And this is something that grows in complexity as people use it, and whose benefits become greater to the users as they use it. Their own photos are getting tagged with metadata that somebody else entered. If somebody bothered to tag all of these saints and say who they all are, then my photo of Notre Dame cathedral suddenly gets enriched with all that data. And I can use it as an entry point to dive into that space, into that metaverse, using everybody else’s photos, and do a kind of cross-modal and cross-user social experience that way. And of course, a by-product of all of that is immensely rich virtual models of every interesting part of the Earth, collected not just from overhead flights and from satellite images and so on but from the collective memory. Thank you so much.

(Chris Anderson walks on)

CA: Do I understand this right- that what your software is going to allow is that at some point, really within the next few years, all the pictures that are shared by anyone across the world are going to basically link together?

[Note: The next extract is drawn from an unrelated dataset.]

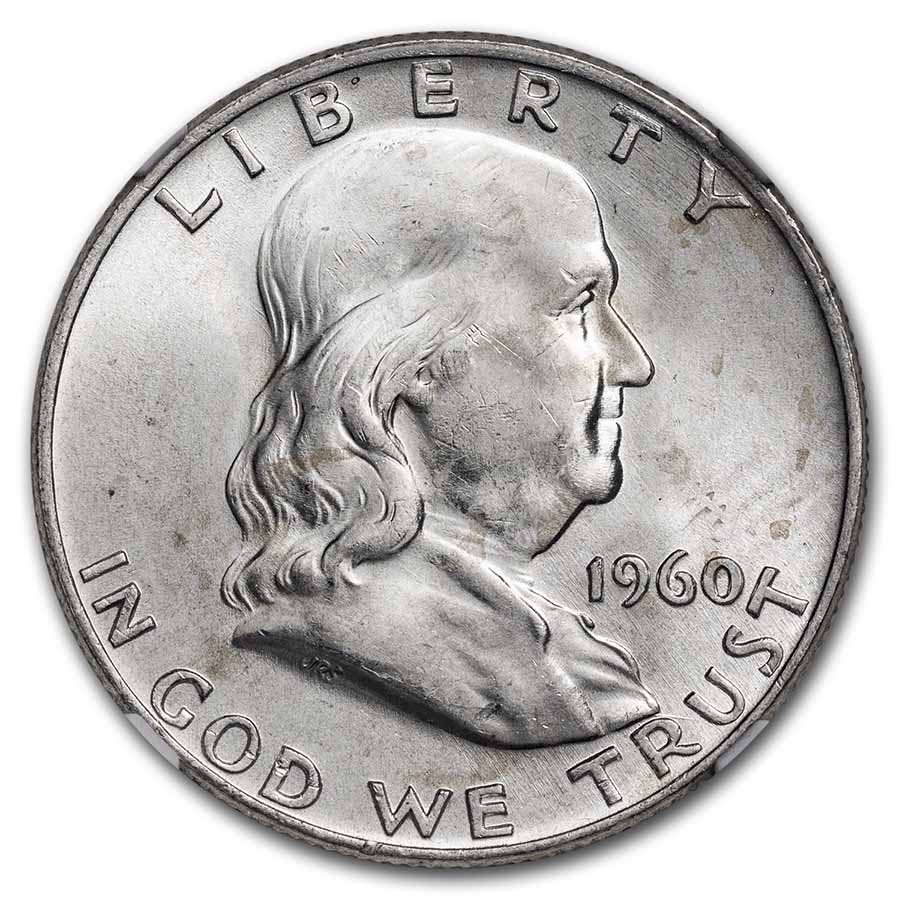1960-D Franklin Half Dollar MS-64 NGC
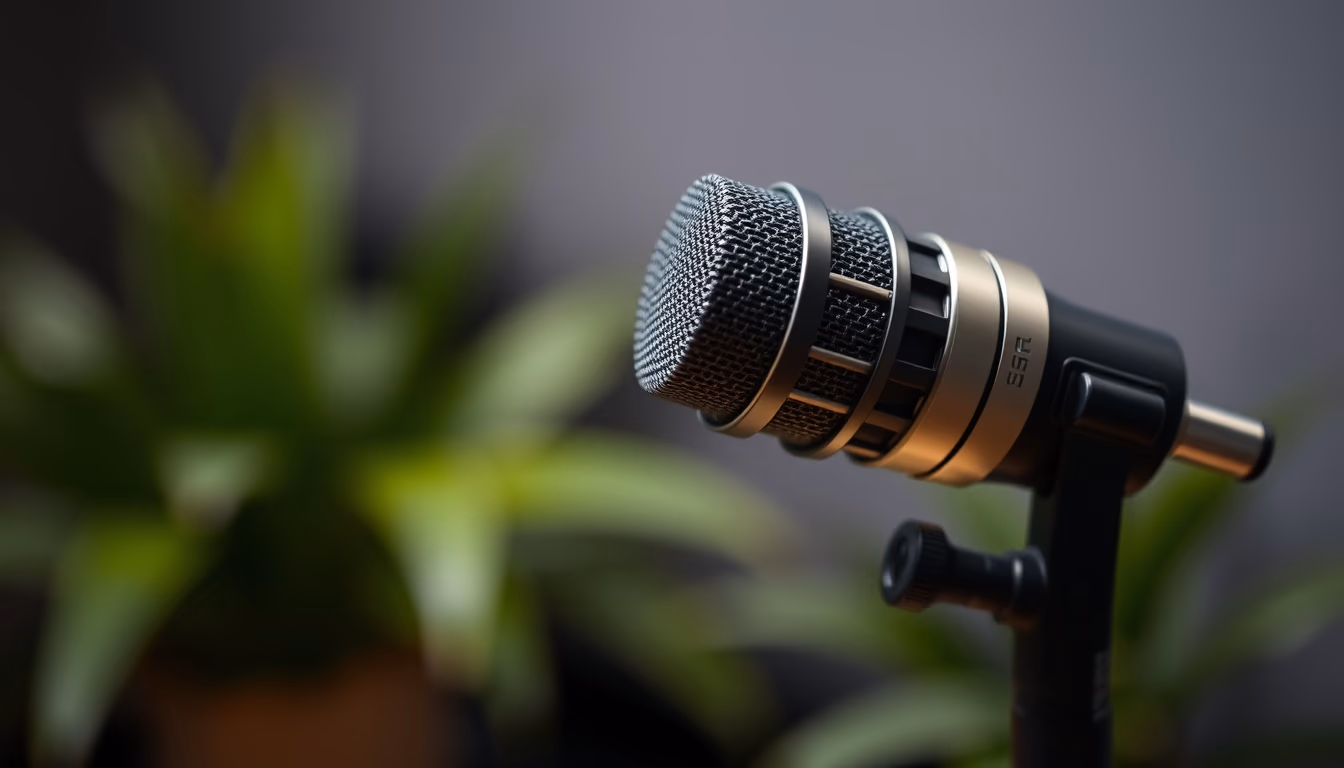 neumann u87 mic in editorial style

BAyA: Yes. What this is really doing is discovering- it’s creating hyperlinks, if you will, between images. And it’s doing that based on the content inside the images, and that gets really exciting when you think about the richness of the semantic information that a lot of those images have. Like when you do a web search for images- you type in phrases, and the text on the web page is carrying a lot of information about what that picture is of. Now what if that picture links to all of your pictures? Then the amount of semantic interconnection- the amount of richness that comes out of that is really huge. It’s a classic network effect.

CA: Blaise, that is truly incredible. Congratulations.

BAyA: Thanks so much.